**Data for processing**.
● ● ● ●

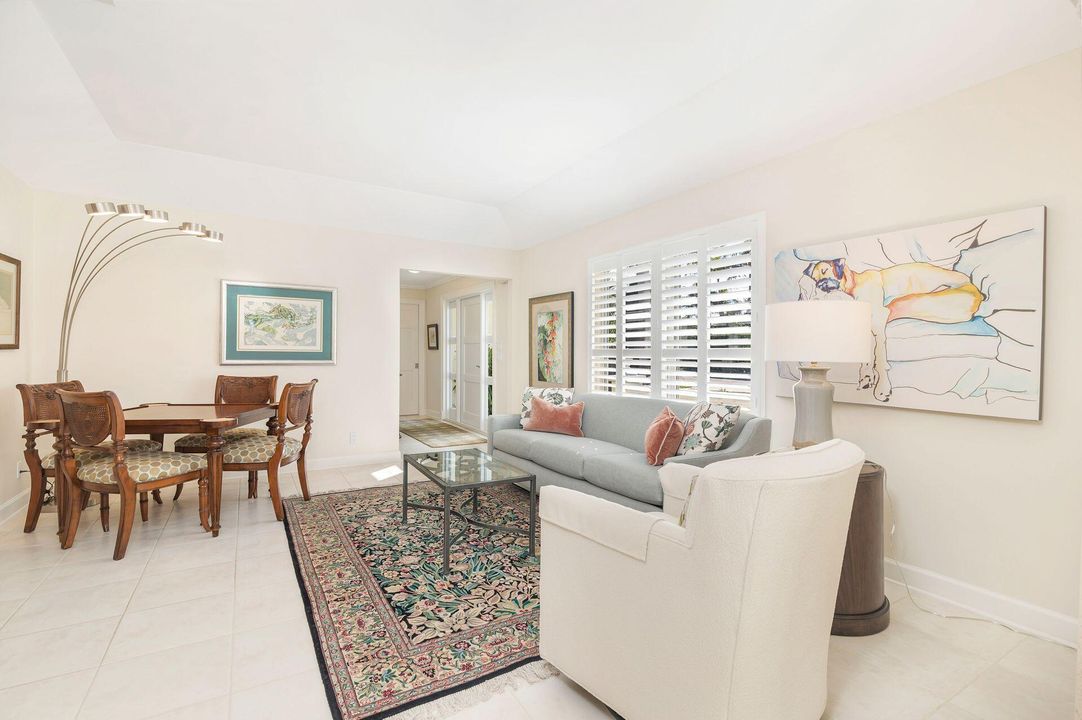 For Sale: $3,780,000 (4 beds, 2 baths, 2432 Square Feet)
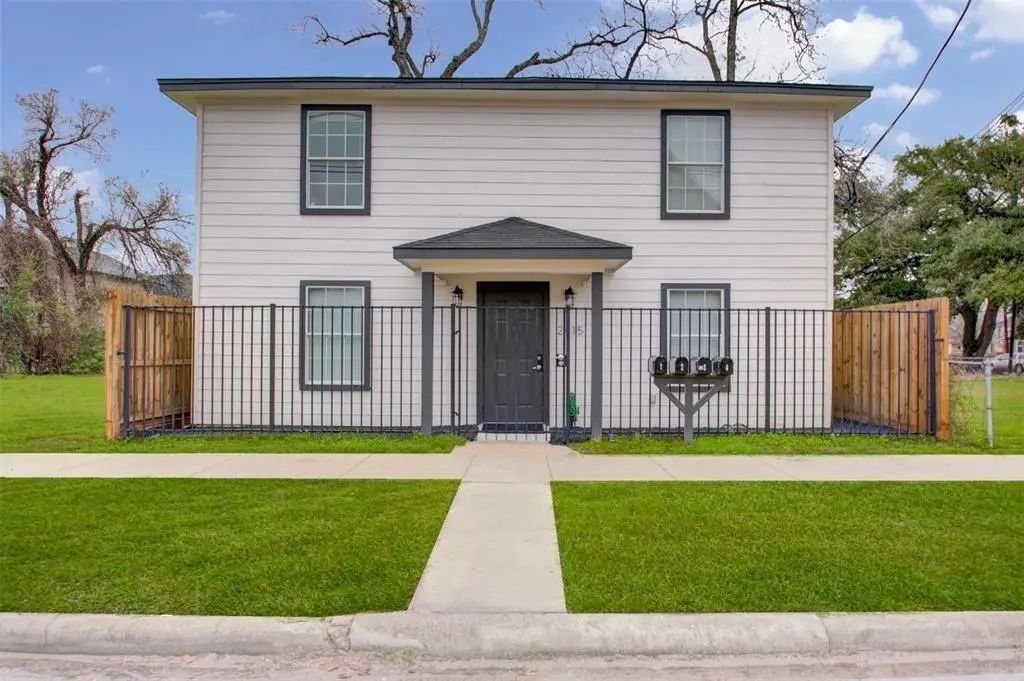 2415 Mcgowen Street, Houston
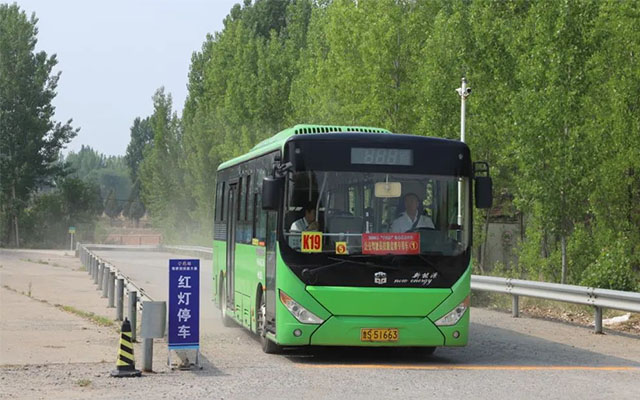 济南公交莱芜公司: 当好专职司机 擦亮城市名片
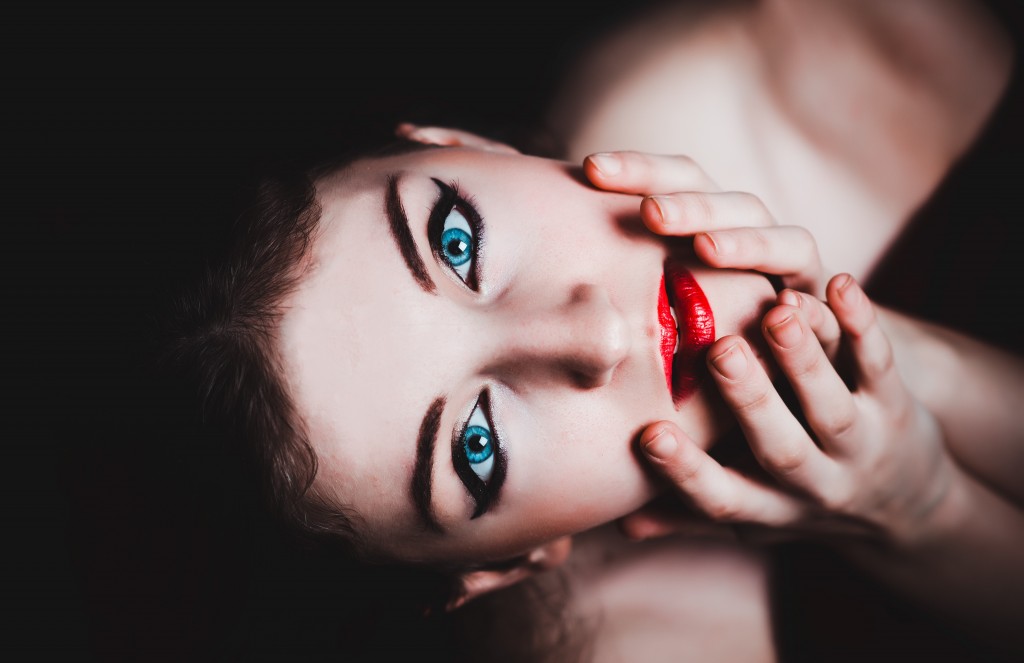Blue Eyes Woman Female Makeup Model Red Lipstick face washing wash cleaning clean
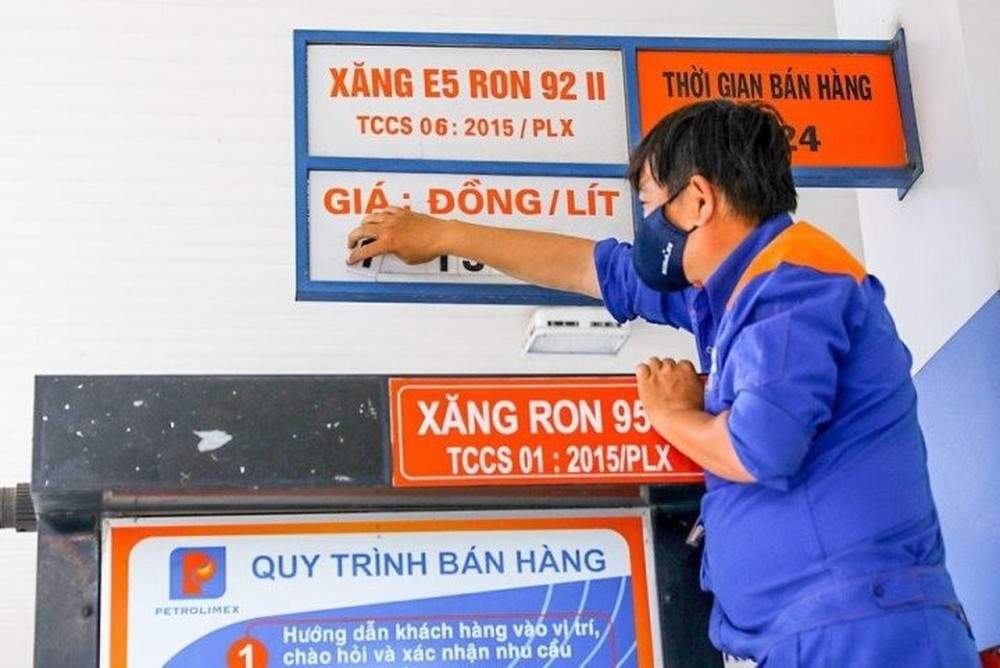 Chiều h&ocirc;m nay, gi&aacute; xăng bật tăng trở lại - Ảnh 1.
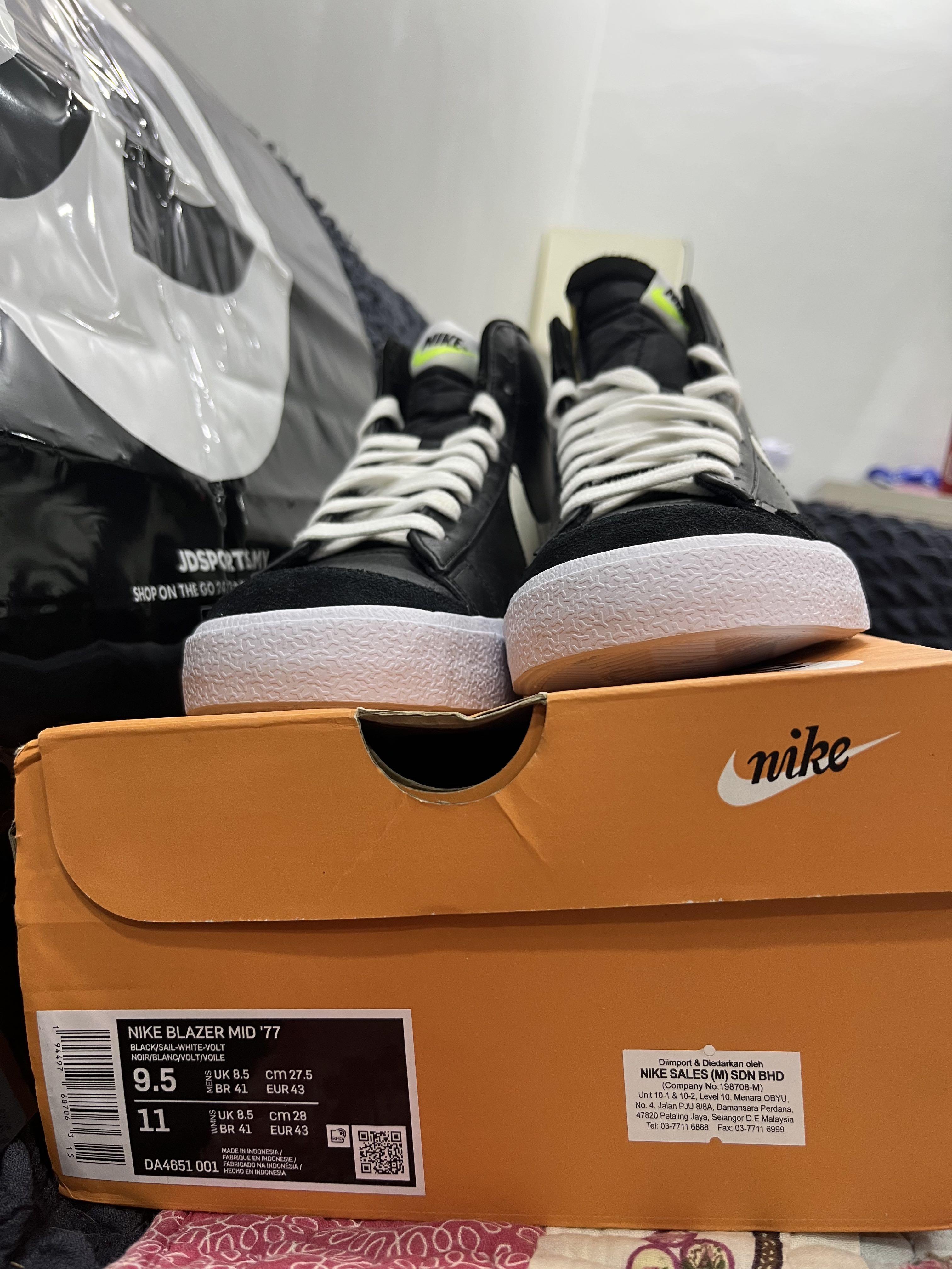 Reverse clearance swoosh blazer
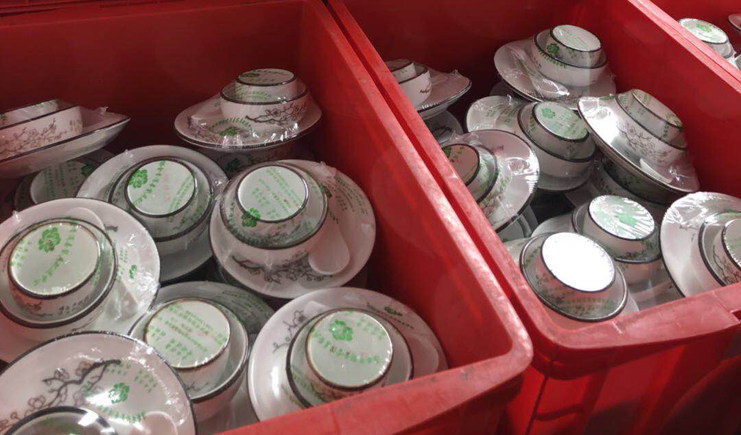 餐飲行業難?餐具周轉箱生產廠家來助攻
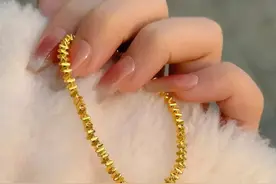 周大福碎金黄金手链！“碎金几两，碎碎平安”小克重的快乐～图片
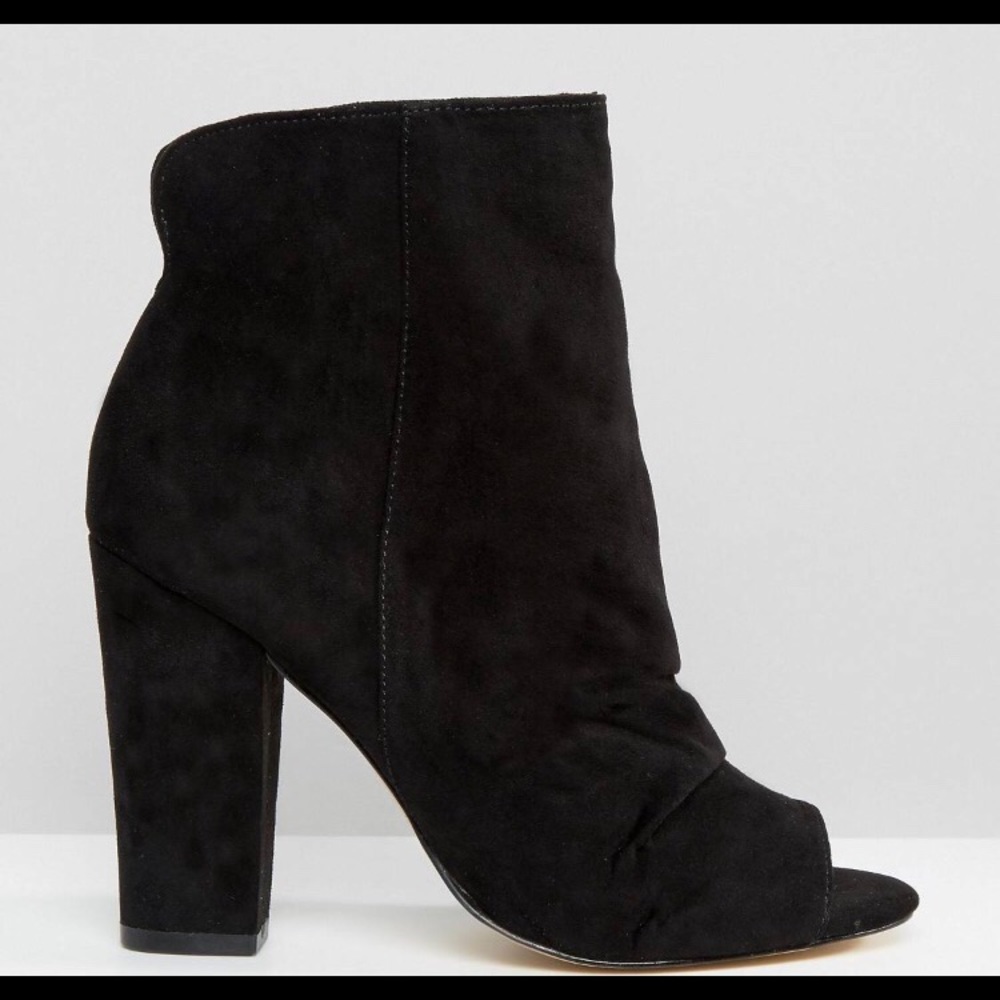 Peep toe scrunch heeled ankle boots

● ● ● ●

**Your assignment**. Leave out the pictures and repeat the remaining data exactly.

**Problem solution**.
 For Sale: $3,780,000 (4 beds, 2 baths, 2432 Square Feet)
 2415 Mcgowen Street, Houston
 济南公交莱芜公司: 当好专职司机 擦亮城市名片
Blue Eyes Woman Female Makeup Model Red Lipstick face washing wash cleaning clean
 Chiều h&ocirc;m nay, gi&aacute; xăng bật tăng trở lại - Ảnh 1.
 Reverse clearance swoosh blazer
 餐飲行業難?餐具周轉箱生產廠家來助攻
 周大福碎金黄金手链！“碎金几两，碎碎平安”小克重的快乐～图片
 Peep toe scrunch heeled ankle boots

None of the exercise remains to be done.